There’s no moral here, unless it’s one of love.

Flailing

February 14, 2007

Hey all, another long stint between posts. Now that I’ve got this monthly gig on memultisports.com I find I post less often here, as there’s a bit of overlap. Visitors of this and that site will find that old Addiction piece, spiffed up a bit with some help from David Foster Wallace. Next month you’ll get to hear me tell triathletes how to race in a criterium. Yikes.

But enough of me, let’s talk about me. Headed off to swim practice last night and Hank, our coach, says we’re going to do some sculling. Now I’ve seen people sculling before, moving about the pool like crawfish, their heads above the surface and a kickboard under their hips, hands stirring the water. I’ve never done it (in the same way that, once, I didn’t focus on using my hip flexors or shortening my stride, while running; it was easier to rely on my engine to haul along the inefficient parts of my body), choosing to focus on longer yards to make myself faster.

So we started sculling, lying on our stomachs and kicking lightly (your legs sink, otherwise). You reach far out in front of you, putting your hands right at the point where, while swimming normally, you catch the water. Keeping your hands out there, you move your arms out and then back in, swiveling your hands to present the pulling (palm) side first out and then towards the center. By slightly angling the pulling surface (towards the back), you can move forward. I don’t think this even sounds easy, so I won’t ask you if it does. In practice, it’s even harder. I’ve grown accustomed, at practice, to leading the fast lane for every set. After this first attempt I was demoted a lane and sent to the back. Hank called me a dunce. The truth is, I barely moved down the lane, resorting, at one point, to gently pushing off the bottom when I thought no one was looking. We moved through two more sculls, one a deep water scull where your hands are still in front of your shoulders but at the point where, in your normal stroke, you’d really start exerting force on the water. Standing up, you sort of look like you would if you hung your arms over a mailbox. This one was easier for me, but I noticed my left arm started getting tired quickly. The last scull mimics the finish of your stroke, where your hand brushes past your thigh on the way out of the water. This one was pretty good too, although the left arm continued to hurt.

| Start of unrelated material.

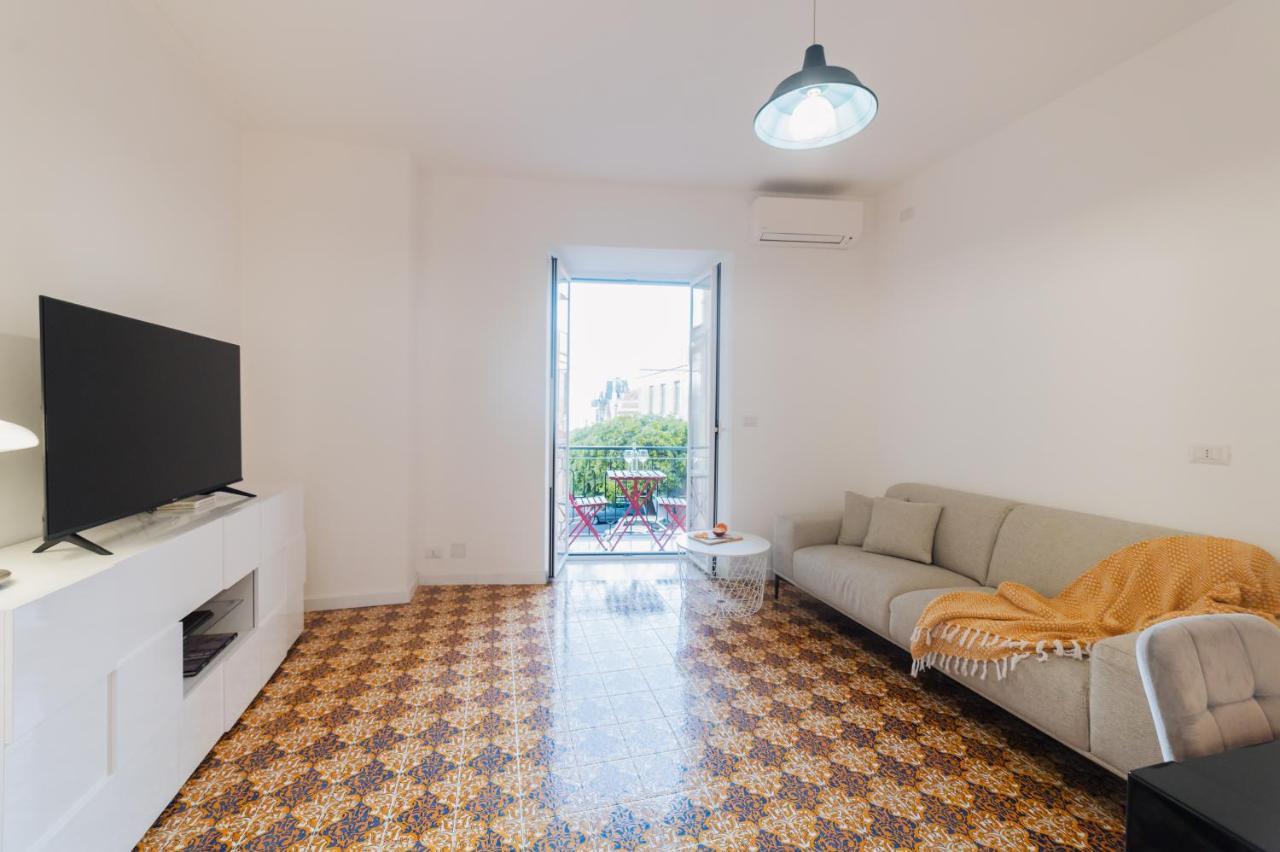 Castalia Apartments & Rooms Duomo Taormina Bagian luar foto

Then we tried them one-arm-at-at-time, and I got to remember what learning to swim felt like: flailing desperately in a dangerous, alien environment, one that I could hold onto as well as the open air. My left arm, when I tired to scull with it, moved oddly back and forth, thrashing the water. Have you ever tried writing your name with your non-dominant hand? It looks like all those signatures on the portraits your mom used to hang on the fridge, when you were little. This is what I looked like in the water: a five year-old, and a big one that likes to sink, at that.

When we went back to swimming normally, I could feel the water (with both hands) as more of a medium I could grab, something on which to pull. But the left arm thing wasn’t going away, if anything, it was getting worse.

“Hank,” I asked. “Is it possible I’ve been swimming with only one arm for years? My left arm is getting really tired.”

“That’s what this drill is for,” he answered. “Better start working on those left-sided sculls.” He gave me a long, bemused look, and walked away.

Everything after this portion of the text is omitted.